Williamsport’s softball players all respected manager Bob Loudenslager
EDITOR’S NOTE: This is the fourth part in a six-part series looking back at the 1990 Williamsport Big League softball team which won the World Series. This summer marks the 30-year anniversary.
A lot of players on that 1990 Williamsport Big League Softball World Series championship team had Bob Loudenslager as a coach for years beforehand. He had been a staple in the area in softball for two decades, coaching not just at the Little League level, but up through high school as well.
Catcher Ellen (Kennedy) Laubach had been with Loudenslager as a coach since she was a 9-year-old softball player starting out in Little League and had him as her coach all the way up through high school.
“He taught us a lot, not just softball, but life in general,” Laubach said.
Loudenslager routinely had Williamsport playing in softball World Series and regional tournaments. He coached Old Lycoming to the Senior League Eastern Regionals in 1986 and the World Series in 1987. In 1986, the team finished as runners-up. Williamsport then lost in the Big League Eastern Regionals in both 1988 and 1989, falling in the championship games both years.
There obviously was this 1990 team which steamrolled its way to the World Series crown in Mesa, Arizona. Following that year, Loudenslauger coached Williamsport back to regionals in 1991 and won the Big League World Series again in 1994 for Williamsport’s fourth such title.
His final Little League run consisted of a remarkable span of consecutive Senior League Softball World Series appearances in Kalamazoo, Michigan, culminating with a loss in the championship game in 1996.
The players came and went over the course of that remarkable 11-year run, but Loudenslager was the anchor of the teams as coach. That success is a result of Loudenslager’s coaching style and keeping the teams disciplined and focused on the task at hand.
The players joked around at times like everyone else though. There was the time Williamsport shortstop J.J. (DeSanto) Holtzapple ran out into centerfield to catch a short ball that would have dropped. There was only one out in the bottom of that seventh inning, but Holtzapple thought it was the final out.
That’s when she jumped in the air, doing what was jokingly called the Toyota jump, an ode to the 1980s commercials that were airing at the time.
“The old video of the game, you can see Dina (White Henry) and me are just laughing and Bob says ‘get serious.,” Williamsport pitcher Jen Allison said.
He knew how to focus everyone and that’s Example 1 of many.

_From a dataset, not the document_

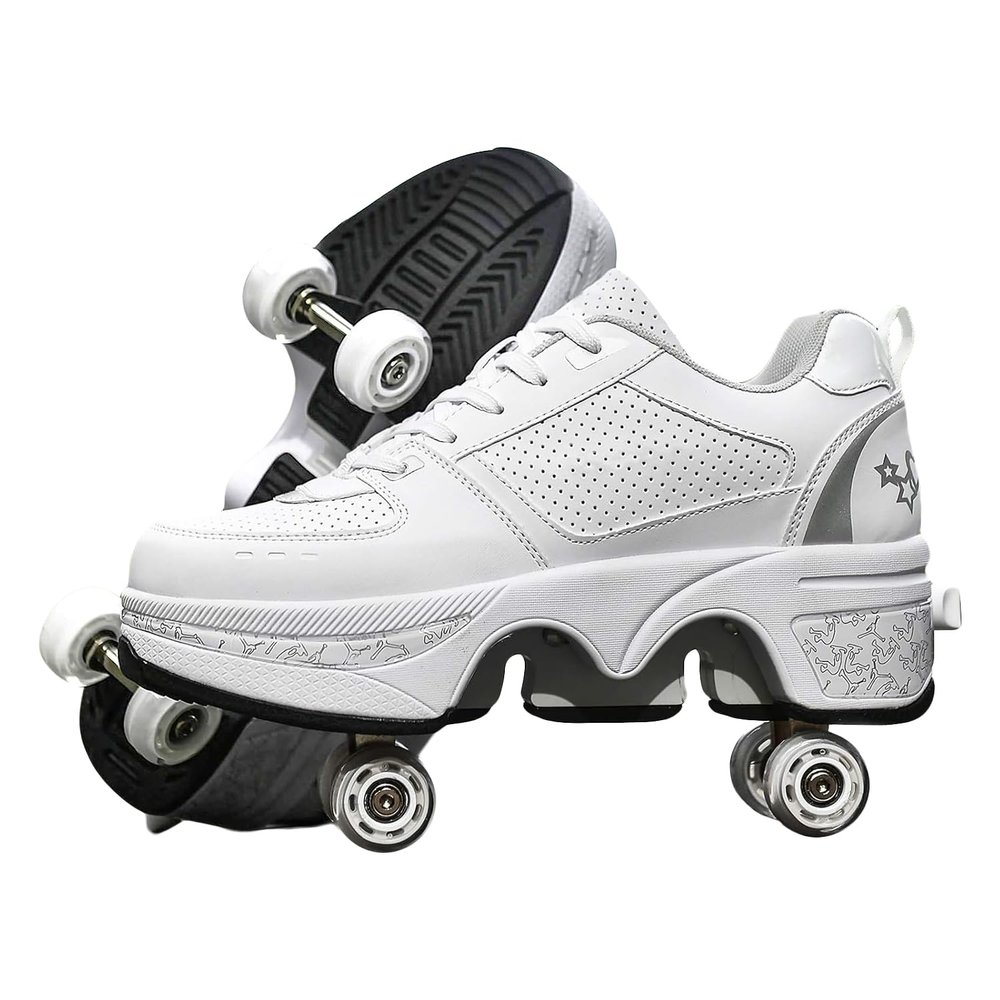 Double-Row Deform Wheel Automatic Walking Shoes Invisible Deformation Roller Skate 2 in 1 Removable Pulley Skates Skating Parkour (Silver, US 9.5)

“I think that has a lot to do with situations and that came from him. The way we’d do it over and over and if we made a wrong play during practice, he’d ask ‘why’d you throw it there and not here?'” Allison said. “And we’d have to do the play all over again. It was definitely that style that helped us create that well-oiled machine. That was like 80% of it, and 20% of it was just the girls kept playing together. We knew each other so well and created synergies among each other.”
“He was very respectful, just an outstanding coach. He knew exactly what to do and what positions anyone needed to play,” Williamsport outfielder Dana (Washcer) Naughton said. “They always say if a coach stops yelling, they gave up on you and he never, never stopped yelling. We’re teenagers and we’re like ‘oh my God, stop yelling,’ but you look back and he was amazing. He never stopped yelling because he always believed in us. We gave him 100% all the time and he’s just an amazing man.”
Loudenslager always wanted his players to excel on the softball field and in 1990, they reached the summit of that mountain by being the best Big League World Series team in the world.
“We did what we needed to do. Honestly, it always went smoothly because he was great,” Holtzapple said. “Bob knew exactly what he was doing. So we would just go out to practice, get the job done and go have fun.”
“Bob was the best coach I ever had. I played basketball and softball all the way through college and had a lot of great coaches … but Bob was the best coach I ever had,” Williamsport third baseman Dina (White) Henry said. “He was no nonsense, he was intense, he was strict, he was competitive and he expected a lot. That’s what we needed to get where we wanted. We accepted that.”